Insert gibt bei dir mit executeQuery ein ResultSet zurück?
normalerweise funktioniert das nur mit executeUpdate,
da bekommt man dann auch noch einen Rückgabewert, der z.B. die Anzahl der erzeugten/ geänderten Zeilen angibt


----------



## P3AC3MAK3R (31. Jul 2007)

Macht in so einem Fall nicht der Einsatz einer Sequenz Sinn?  ???:L


----------



## Guest (31. Jul 2007)

P3AC3MAK3R hat gesagt.:
			
		

> Macht in so einem Fall nicht der Einsatz einer Sequenz Sinn?  ???:L



das will ich machen, bzw. das mache ich doch!

mit welchem befehl bekomme ich zurück ob es erfolgreich war oder wie viele Zeilen er geändert hat?


----------



## P3AC3MAK3R (31. Jul 2007)

Wenn man eine Sequenz richtig verwendet, braucht man sich aber manuell gar nicht um die Vergabe bzw. Erhöhung des entsprechenden Wertes zu kümmern...

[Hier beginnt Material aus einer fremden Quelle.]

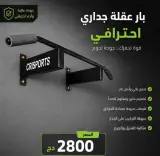 بارفيكس إكو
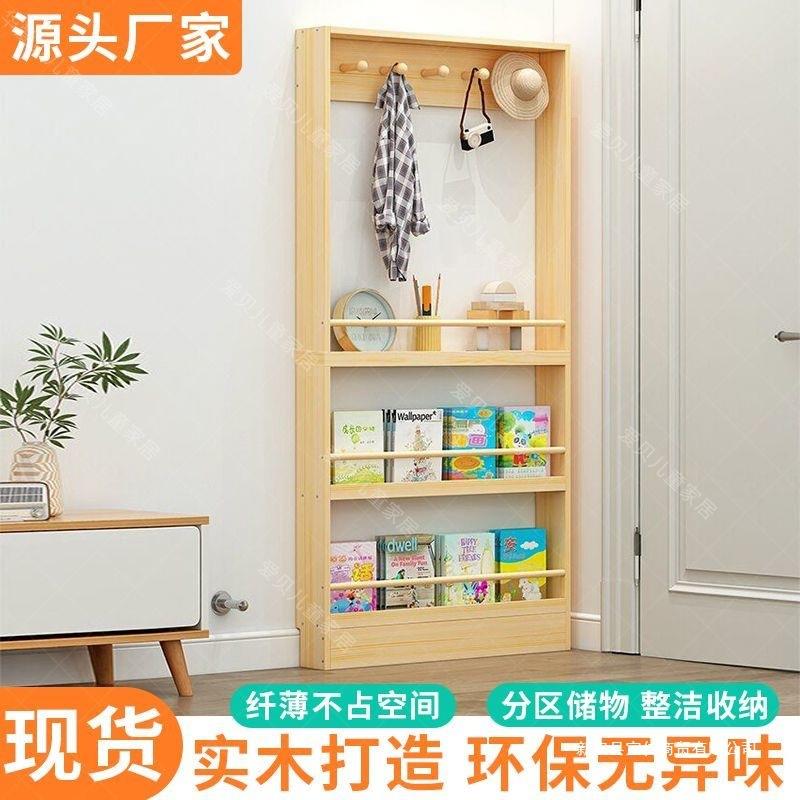 门后置物架超薄儿童实木书架落地壁挂多层收纳架贴墙书架窄款书柜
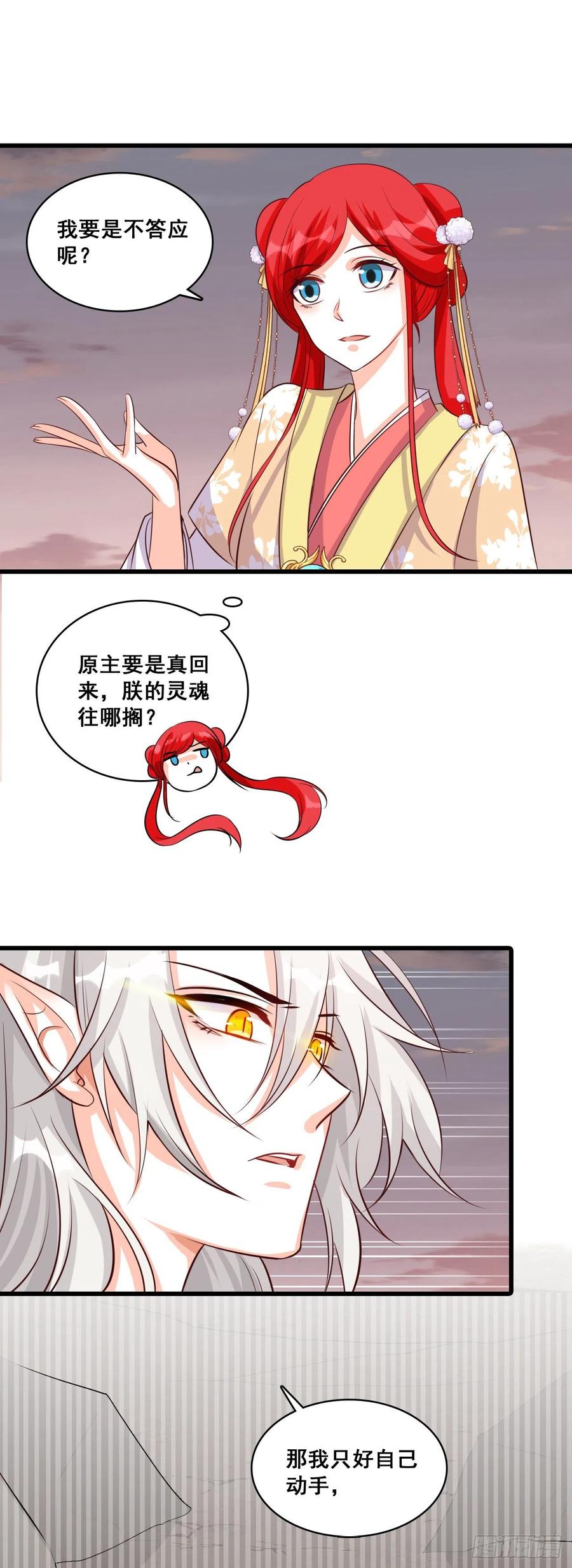 《反派女帝来袭！》漫画最新章节智取仇恨值（终于）！免费下拉式在线观看章节第【20】张图片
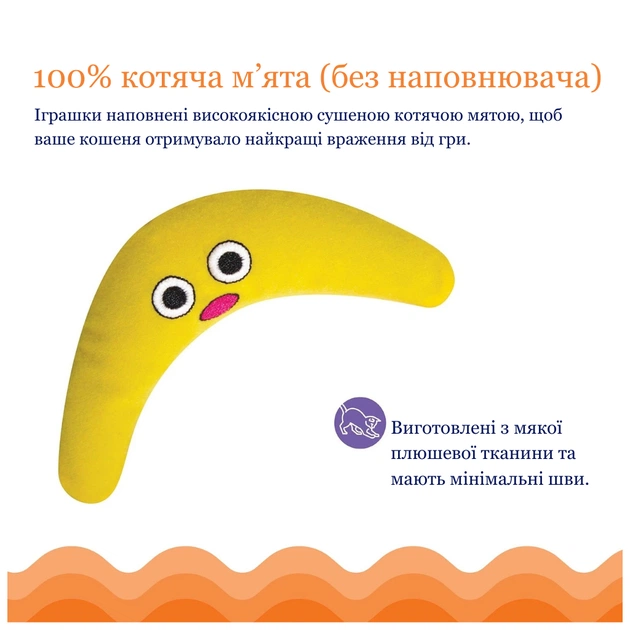 Іграшка для котів Catstages Магічний бумеранг 14 см (0871864003311) - picture 3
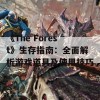 《The Forest》生存指南：全面解析游戏道具及使用技巧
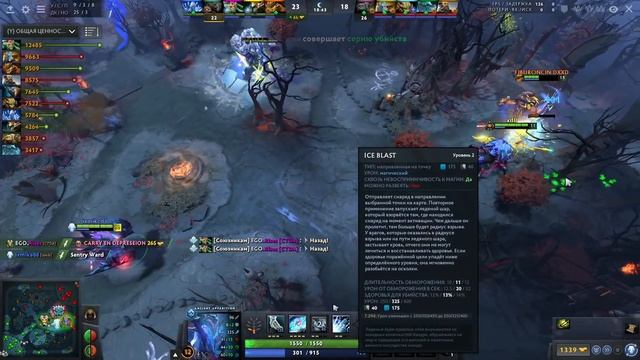 Топовый АППАРАТ ? Ооочень много УРОНА.. Ancient Apparition Dota 2 смотреть онлайн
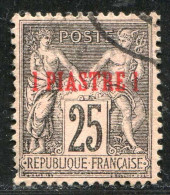 REF090 > LEVANT < Yv N° 4 Ø Bien Centré < Oblitéré - Used Ø -- - Used Stamps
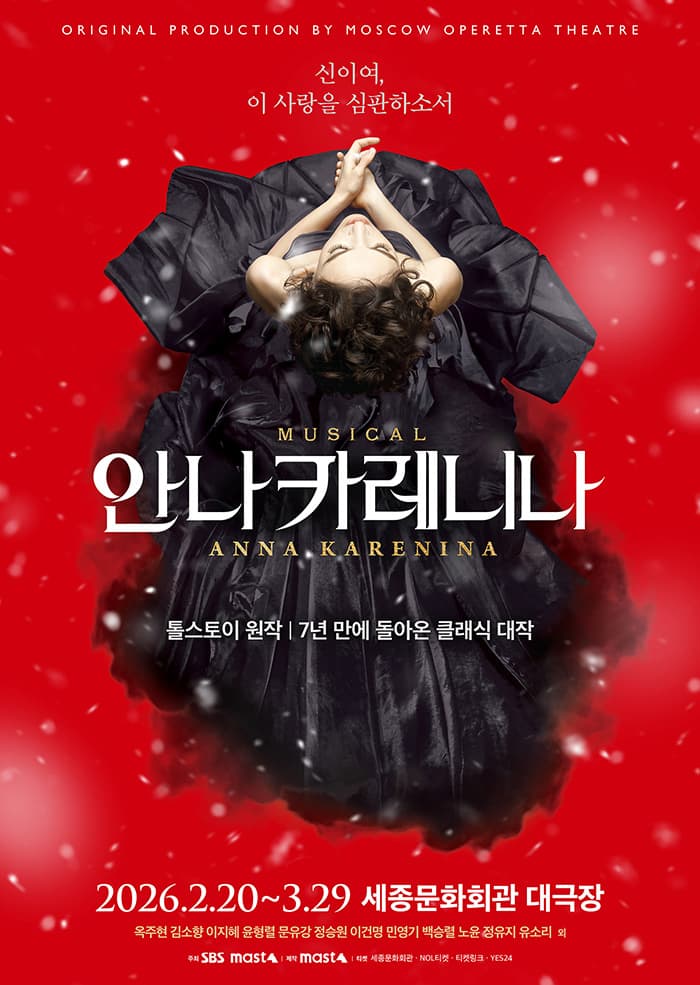 안나 카레니나 performance poster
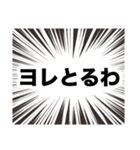 伍代社長の業界用語の基礎知識（個別スタンプ：22）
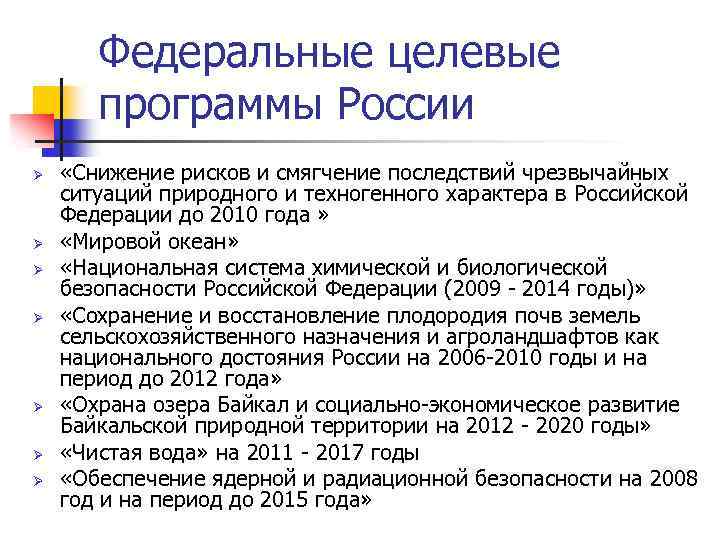 Федеральные целевые программы России Ø Ø Ø Ø «Снижение рисков и смягчение последствий чрезвычайных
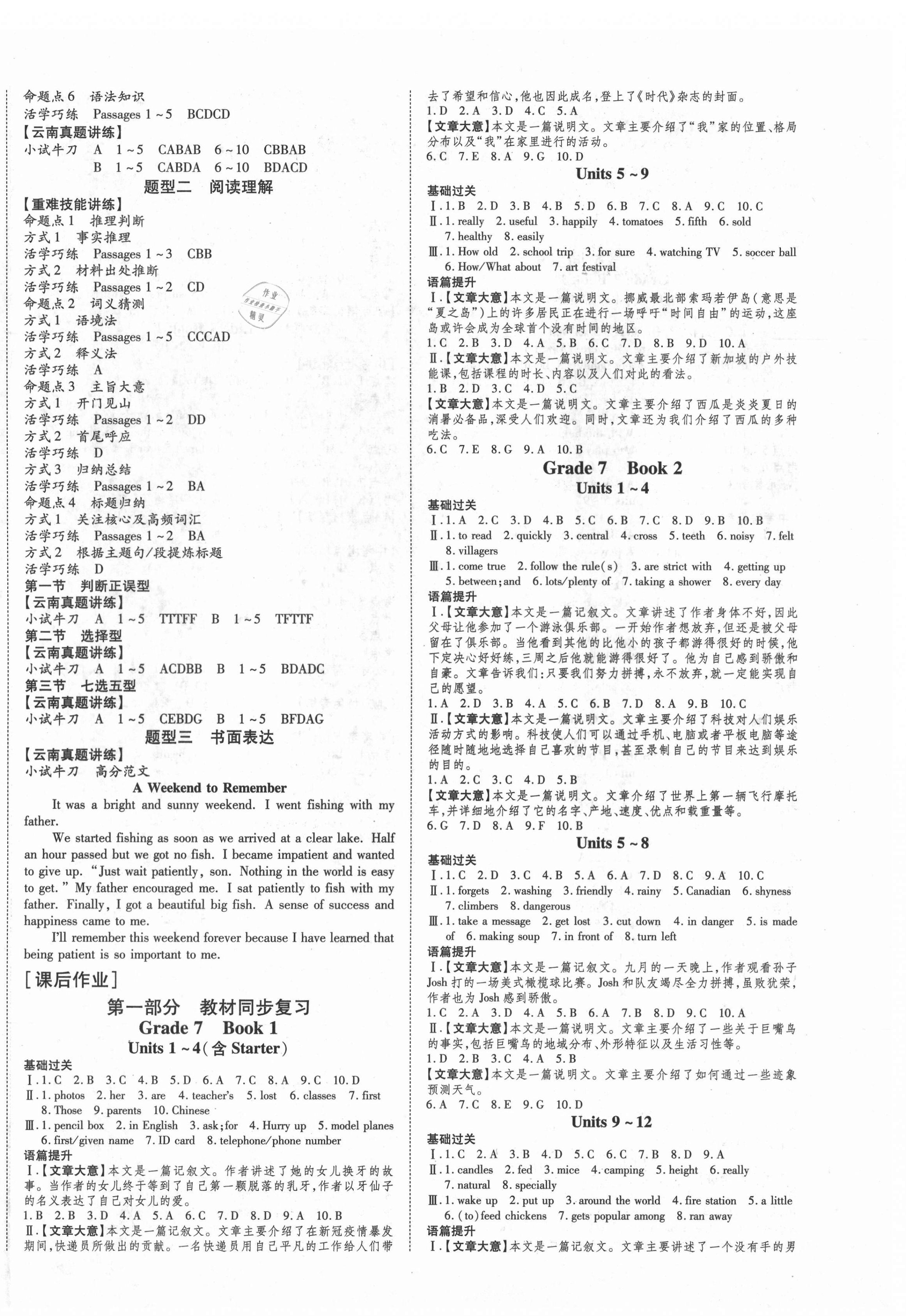 2021年中教联云南中考新突破英语 第4页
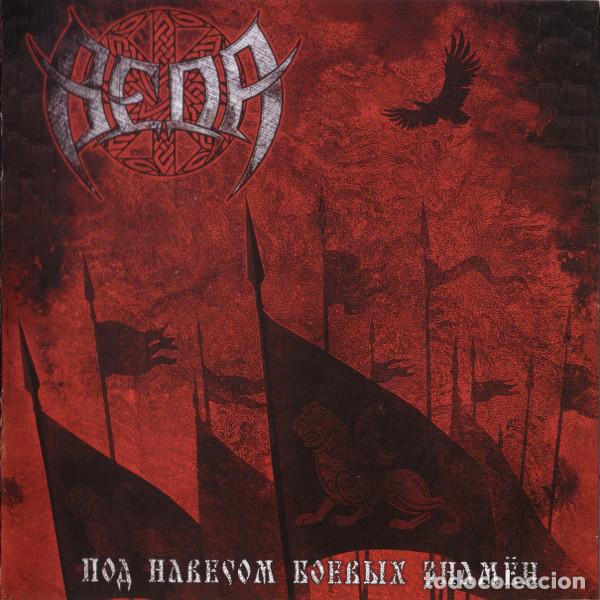 CDs de m&uacute;sica: Veda -- Pod Navesom Boevyh Znamen-pagan metal viking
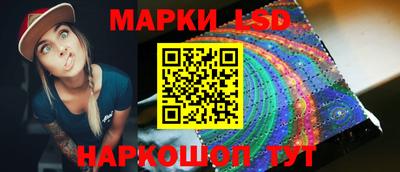 MDMA Краснознаменск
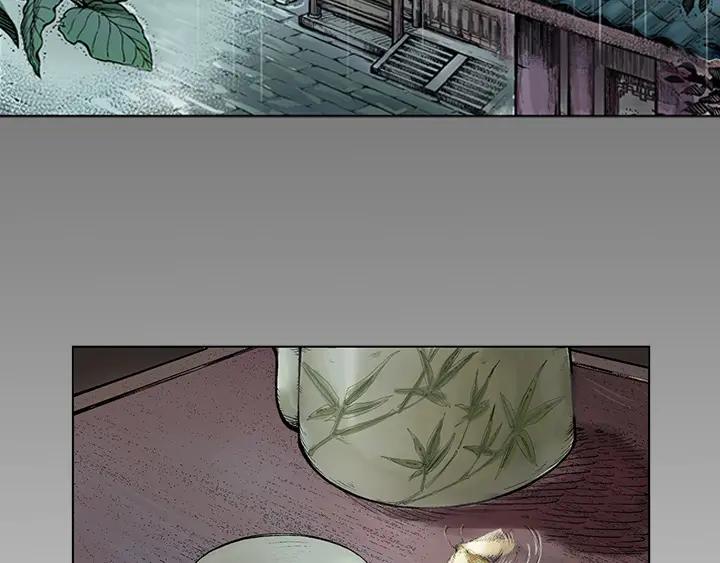 藏锋行 第6回 突遇惨案 第29页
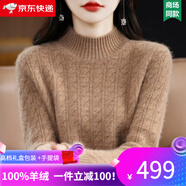 ERTN羊絨衫女100%山羊絨加厚羊絨毛衣2024秋冬半高領(lǐng)針織打底衫高端 金駝色（升級禮盒包裝） XL 120-130斤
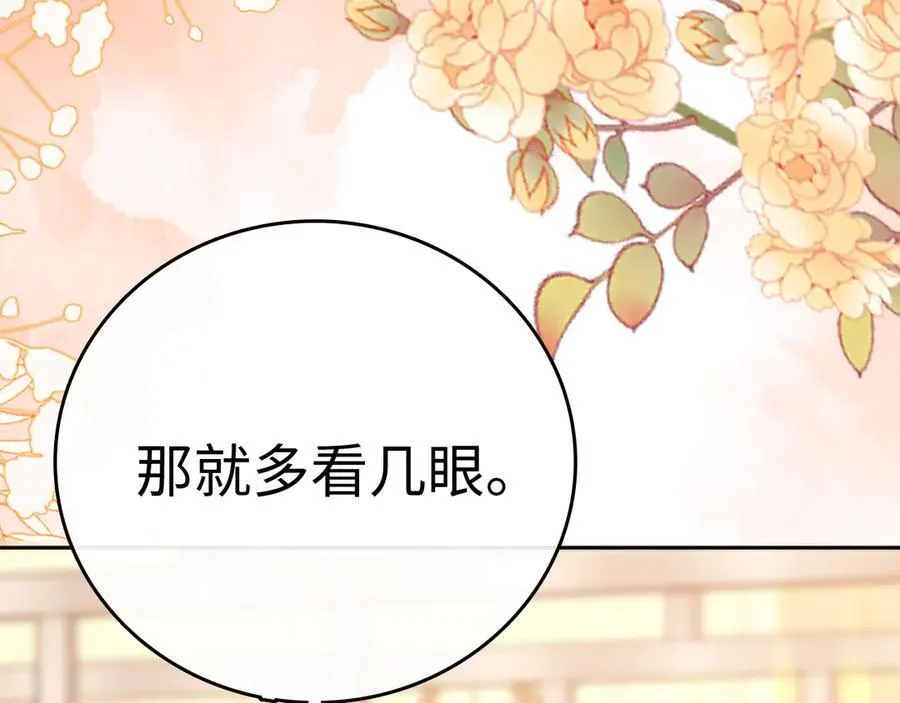 95话 涂药81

Hier ein Artikel zu dem Thema:
http://www.ibm.com/developerworks/db2/library/techarticle/0302fielding/0302fielding.html


----------



## tuxedo (31. Jul 2007)

@Gast

Wenn du statt executeQuery ein executeUpdate benutzt, wird alles besser 



> int java.sql.Statement.executeUpdate(String sql) throws SQLException
> Executes the given SQL statement, which may be an INSERT, UPDATE, or DELETE statement or an SQL statement that returns nothing, such as an SQL DDL statement.
> 
> Parameters:
> ...


----------